Hitchhiker's guide to the Python imports

January 13, 2018

Disclaimer: If you write Python on a daily basis you will find nothing new in this post. It’s for people who occasionally use Python like Ops guys and forget/misuse its import system. Nonetheless, the code is written with Python 3.6 type annotations to entertain an experienced Python reader. As usual, if you find any mistakes, please let me know!

Modules

Let’s start with a common Python stanza of

if __name__ == '__main__':
    invoke_the_real_code()

A lot of people, and I’m not an exception, write it as a ritual without trying to understand it. We somewhat know that this snippet makes difference when you invoke your code from CLI versus import it. But let’s try to understand why we really need it.

For illustration, assume that we’re writing some pizza shop software. It’s on Github. Here is the pizza.py file.

# pizza.py file

import math

class Pizza:
    name: str = ''
    size: int = 0
    price: float = 0

    def __init__(self, name: str, size: int, price: float) -> None:
        self.name = name
        self.size = size
        self.price = price

    def area(self) -> float:
        return math.pi * math.pow(self.size / 2, 2)

    def awesomeness(self) -> int:
        if self.name == 'Carbonara':
            return 9000

        return self.size // int(self.price) * 100

print('pizza.py module name is %s' % __name__)
if __name__ == '__main__':
    print('Carbonara is the most awesome pizza.')

I’ve added printing of the magical __name__ variable to see how it may change.

OK, first, let’s run it as a script:

$ python3 pizza.py
pizza.py module name is __main__
Carbonara is the most awesome pizza.

Indeed, the __name__ global variable is set to the __main__ when we invoke it from CLI.

But what if we import it from another file? Here is the menu.py source code:

# menu.py file

from typing import List
from pizza import Pizza

MENU: List[Pizza] = [
    Pizza('Margherita', 30, 10.0),
    Pizza('Carbonara', 45, 14.99),
    Pizza('Marinara', 35, 16.99),
]

if __name__ == '__main__':
    print(MENU)

Run menu.py

$ python3 menu.py
pizza.py module name is pizza
[<pizza.Pizza object at 0x7fbbc1045470>, <pizza.Pizza object at 0x7fbbc10454e0>, <pizza.Pizza object at 0x7fbbc1045b38>]

And now we see 2 things:

  1. The top-level print statement from pizza.py was executed on import
  2. __name__ in pizza.py is now set to the filename without .py suffix.

So, the thing is, __name__ is the global variable that holds the name of the current Python module.

  • Module name is set by the interpreter in __name__ variable
  • When module is invoked from CLI its name is set to __main__

So what is the module, after all? It’s really simple - module is a file containing Python code that you can execute with the interpreter (the python program) or import from other modules.

  • Python module is just a file with Python code

Just like when executing, when the module is being imported, its top-level statements are executed, but be aware that it’ll be executed only once even if you import it several times even from different files.

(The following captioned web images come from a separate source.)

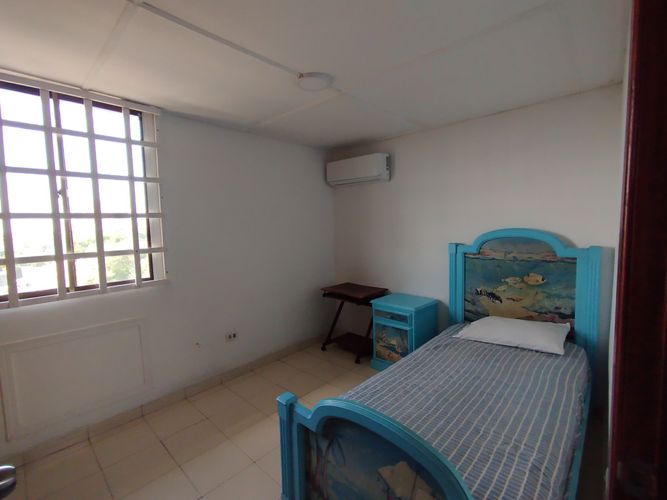 Apartamento en venta en Bellavista, Barranquilla · foto 12 de 18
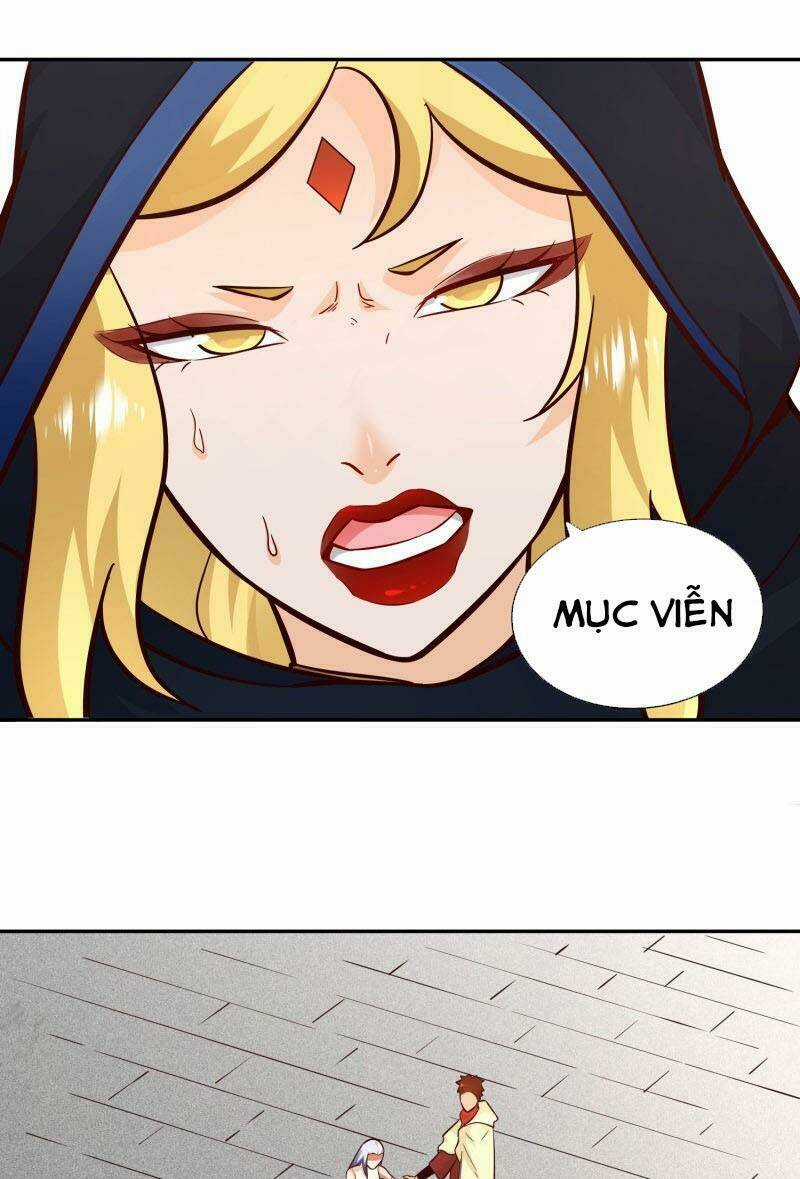 Võ Linh Kiếm Tôn Chapter 105 trang 6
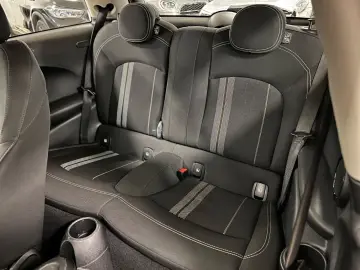 CooperSE/Aut/Navi/LED/SportStz/AppleC/TrimS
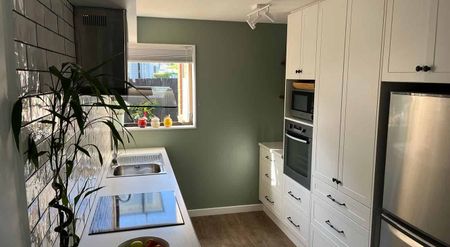 2BR Townhouse in St Albans with parking - Photo 4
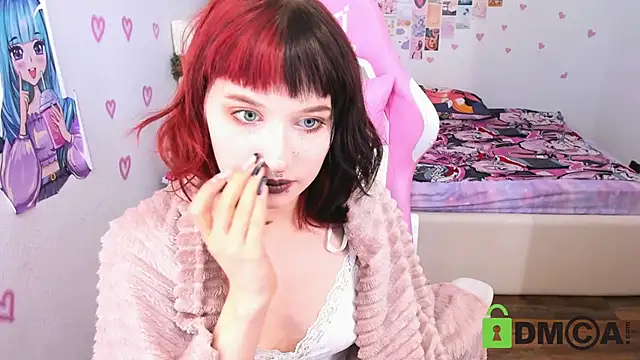 ElizaNik  online show from January 2025 04:33:02 AM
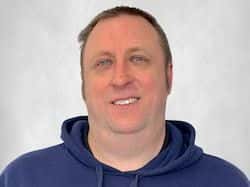 Brian Burnstetter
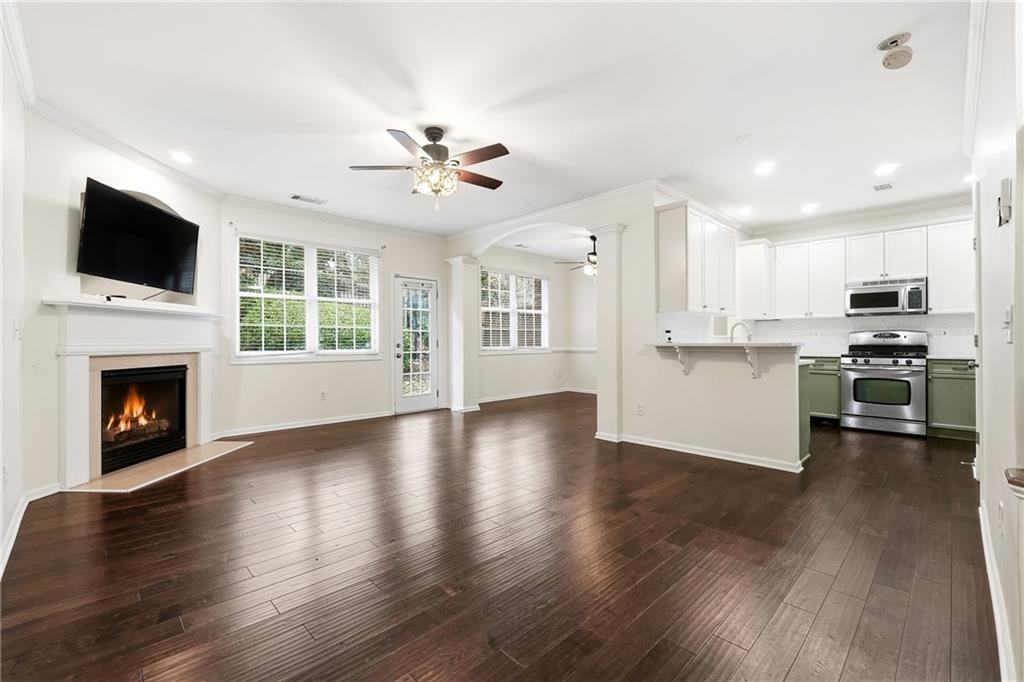 2700 Ridge Run Trail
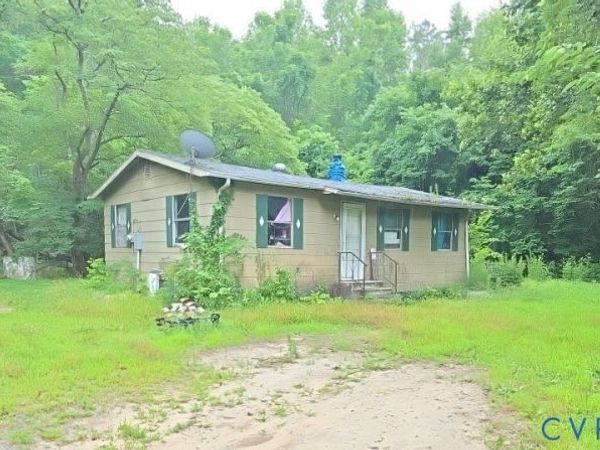 1135 Devils Bottom Road , Lancaster, VA 22503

  • When you import module it’s executed

Because modules are just plain files, there is a simple way to import them. Just take the filename, remove the .py extension and put it in the import statement.

  • To import modules you use the filename without the .py extensions

What is interesting is that __name__ is set to the filename regardless how you import it – with import pizza as broccoli __name__ will still be the pizza. So

  • When imported, the module name is set to filename without .py extension even if it’s renamed with import module as othername

But what if the module that we import is not located in the same directory, how can we import it? The answer is in module search path that we’ll eventually discover while discussing packages.

Packages

  • Package is a namespace for a collection of modules

The namespace part is important because by itself package doesn’t provide any functionality – it only gives you a way to group a bunch of your modules.

There are 2 cases where you really want to put modules into a package. First is to isolate definitions of one module from the other. In our pizza module, we have a Pizza class that might conflict with other’s Pizza packages (and we do have some pizza packages on pypi)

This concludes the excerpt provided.